“People have been left with nothing. They need help now and in the months and years ahead to rebuild their communities in a way, which equips them for a world where climate change means extreme weather events such as Idai will happen more often,” said John Makina, Oxfam Malawi Country Director.
This week, Oxfam began distributing emergency supplies to survivors of Cyclone Idai in one of the worst hit areas in the southern tip of Malawi , and to camps in Buzi near the city of Beira in Mozambique.
In Mozambique, 470 family kits were distributed through Oxfam’s partner organization, AJOAGO, to displacement camps in Estaquinha and Guara Guara in the district of Buzi Each family kit includes two blankets, a bucket for water, two mosquito nets, one jerry can, eight spoons, two cloth wrappers and water purification tablets. The area is currently accessible only by boat or helicopter and is still cut off from functioning communication systems.
In Malawi, 1,000 families in Bangula camp in Nsanje District received hygiene kits with essential items like buckets, soap, laundry soap and sanitary pads. Many of the people living in the camp traveled in canoes across the flood waters to reach safety.
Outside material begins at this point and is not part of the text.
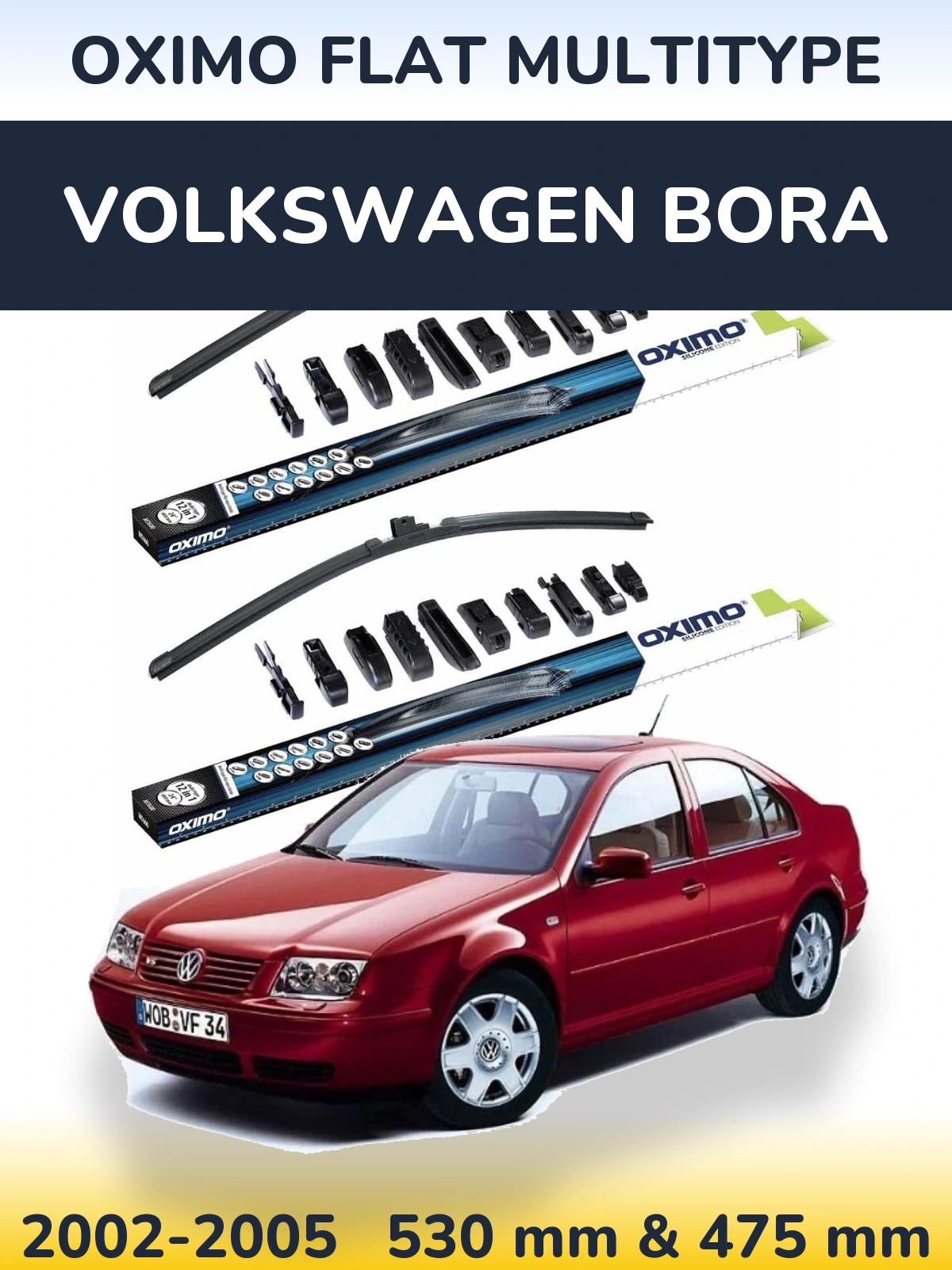 Комплект передніх щіток Oximo Flat MultiТипe 530 & 475 мм для Volkswagen Bora 2002-2005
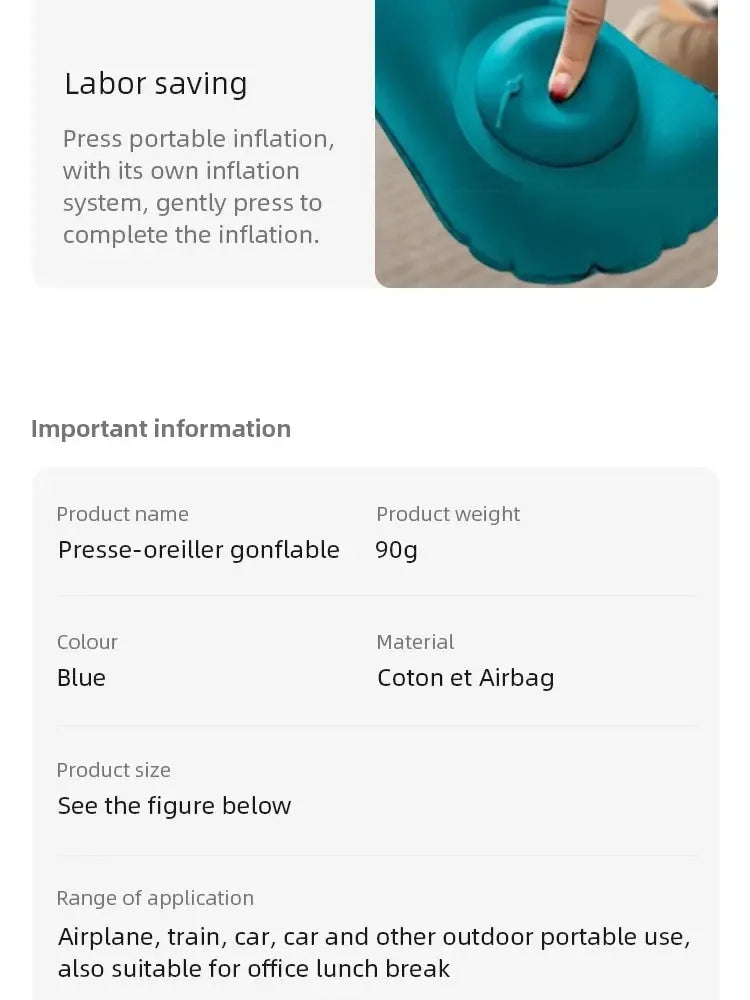 U-Shape Travel Pillow - Inflatable Neck Pillow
Bangula camp is currently home to 5,000 displaced children, women, and men from both Malawi and Mozambique, who have been paying to use a nearby borehole for drinking water. With only a few toilets and limited access to clean water, people in the camp are particularly vulnerable to diseases such as acute diarrhea and cholera.
“Hygiene conditions here in the camp are not very good and I do fear for my baby, but I have no choice. I lost all my household items when my house collapsed in the floods. I’ll be using one bucket for bathing my baby and another for storing drinking water,” said Zainabu Elasoni, a resident of Bangula camp.
Cyclone Idai has devastated the lives of more than 2.6 million people across southern Africa including about 700,000 people in Malawi where heavy rains have caused massive flooding across the southern part of the country destroying people’s houses and washing away their livestock and crops.
“We are seeing huge sanitation needs at the camp and the few toilets that have been dug at the camp are very shallow and some are already full because the area is still waterlogged,” says Joseph Moyo, an Oxfam humanitarian worker. “With cholera cases already being reported in Mozambique, we are prioritizing the distribution of hygiene kits to the survivors at the camp as an important intervention to prevent such an outbreak here.”
“The conditions and safety of women here at the camp are our paramount concern. Women and girls are more vulnerable here because of the distress this crisis has caused, and more needs to be done to heighten personal security and the protection of women and other vulnerable groups,” says Tariro Mavingo, an Oxfam humanitarian worker. “In the coming days, we will be holding sensitization meetings with the women and girls, men and community members and their leaders on safeguarding issues. We also need more tents to ensure women and girls can have their living areas separated from the men.”
Oxfam has initial plans to reach up to half a million people in Mozambique, Malawi and Zimbabwe including via its partnerships with local and other international organizations. Over the next three months Oxfam and partners will truck in clean water and distribute water treatment and hygiene kits that contain items such as buckets, soaps, jerry cans, and menstrual hygiene kits.